Dinger of a match between 'Taker and Edge. I watched the repeat last night and the finish was immense, absolutely immense.
Check out this guy in the Wexford People making fun of wrestling - I’m preparing a counter-attack email to him at the moment for his blasphemous article:
Welcome to the wacky world of WWE wrestling
Wednesday May 28 2008
IN THE name of work - yes, we have been known to do the occasional bit - Inside Right’ decided to take a look at the phenomenon that is WWE wrestling.It must be a sport, it’s on Sky Sports, right? But then again there’s a poker tournament on the next channel up.
IN THE name of work - yes, we have been known to do the occasional bit - Inside Right’ decided to take a look at the phenomenon that is WWE wrestling.
It must be a sport, it’s on Sky Sports, right? But then again there’s a poker tournament on the next channel up.
The entertainment began, we use that term very loosely, with some posh English dude ranting and raving and claiming to be the most powerful entity in WWE.
Inside Right’ has scraped more powerful entities off his shoe - most idiotic more like.
His name was Mr. Regal - Regal alright, a right royal pain in the backside.
He kept pounding on about respect, seemingly an important word in the WWE; surely these guys don’t have a whole lot of respect for themselves.
The most astounding thing about the show was the amount of adults in the heaving audience.
The ones with children, that’s forgivable, but there were hundreds with not a gorsoon in sight - that’s just plain weird.
Inside Right’ might be a bit harsh but feels anyone over the age of 12 that watches this tripe is not to be trusted.
Okay, obviously we’re all well aware these guys are acting, but their lame performances make Fair City’ look like The Godfather’.
Inside Right’ wouldn’t want to be classed as a killjoy, but this stuff makes the cringe-worthy Christmas panto look like King Lear.
Then we were treated to a chorus of Regal sucks, Regal sucks’ from the idiotic masses in the crowd before some long-haired, bearded monster called Triple H entered the arena to the thumping sound of Motorhead and started banging on about respect and disrespect. Here we go again.

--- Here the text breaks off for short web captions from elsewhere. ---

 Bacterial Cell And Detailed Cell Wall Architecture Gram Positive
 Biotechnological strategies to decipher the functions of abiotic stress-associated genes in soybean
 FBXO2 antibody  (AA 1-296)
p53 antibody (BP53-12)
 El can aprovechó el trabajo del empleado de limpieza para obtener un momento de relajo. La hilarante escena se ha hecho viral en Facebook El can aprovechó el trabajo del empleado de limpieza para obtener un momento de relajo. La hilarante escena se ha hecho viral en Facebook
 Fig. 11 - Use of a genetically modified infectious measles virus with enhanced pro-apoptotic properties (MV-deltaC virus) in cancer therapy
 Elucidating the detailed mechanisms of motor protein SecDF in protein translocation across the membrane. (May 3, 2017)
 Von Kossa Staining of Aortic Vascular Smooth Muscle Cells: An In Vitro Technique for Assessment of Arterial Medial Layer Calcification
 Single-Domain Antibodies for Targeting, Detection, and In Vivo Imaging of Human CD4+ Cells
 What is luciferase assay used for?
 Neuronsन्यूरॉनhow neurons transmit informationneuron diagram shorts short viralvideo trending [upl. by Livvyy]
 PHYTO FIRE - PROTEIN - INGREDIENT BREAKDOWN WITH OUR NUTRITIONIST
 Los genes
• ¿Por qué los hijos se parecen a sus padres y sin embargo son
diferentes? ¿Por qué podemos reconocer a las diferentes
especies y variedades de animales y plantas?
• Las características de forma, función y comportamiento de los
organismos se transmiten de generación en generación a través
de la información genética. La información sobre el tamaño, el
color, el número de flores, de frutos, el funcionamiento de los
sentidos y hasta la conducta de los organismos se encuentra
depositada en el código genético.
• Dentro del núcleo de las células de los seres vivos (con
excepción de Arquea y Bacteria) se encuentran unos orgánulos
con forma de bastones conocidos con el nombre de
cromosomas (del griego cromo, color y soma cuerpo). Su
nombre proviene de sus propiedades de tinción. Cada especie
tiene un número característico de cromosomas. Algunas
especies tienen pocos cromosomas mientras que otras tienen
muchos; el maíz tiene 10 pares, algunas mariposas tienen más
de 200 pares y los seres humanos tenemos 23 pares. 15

So after 15 minutes of listening to the worst sort of verbal diarrhoea, they go to the first ad break, and not a blow has been thrown in anger.
After the welcome interval we were treated (again using the term loosely) to a bevvy of well-endowed beauties battling it out in the ring in the women’s lumberjack match. Beauties might be a bit strong, one of them looked like Pat Kenny in drag.
After five minutes of these pretending to kick seven shades of manure out of each other, with the well choreographed forearm smashes landing visibly well short, some peroxide blonde was declared the winner.
When some hillybilly wrestler with sideburns as big as kittens came on and tried to serenade one of the female wrestlers with Love Me Tender’, we had endured all we could take.
Surely there’s got to be something better on. Where’s that poker again?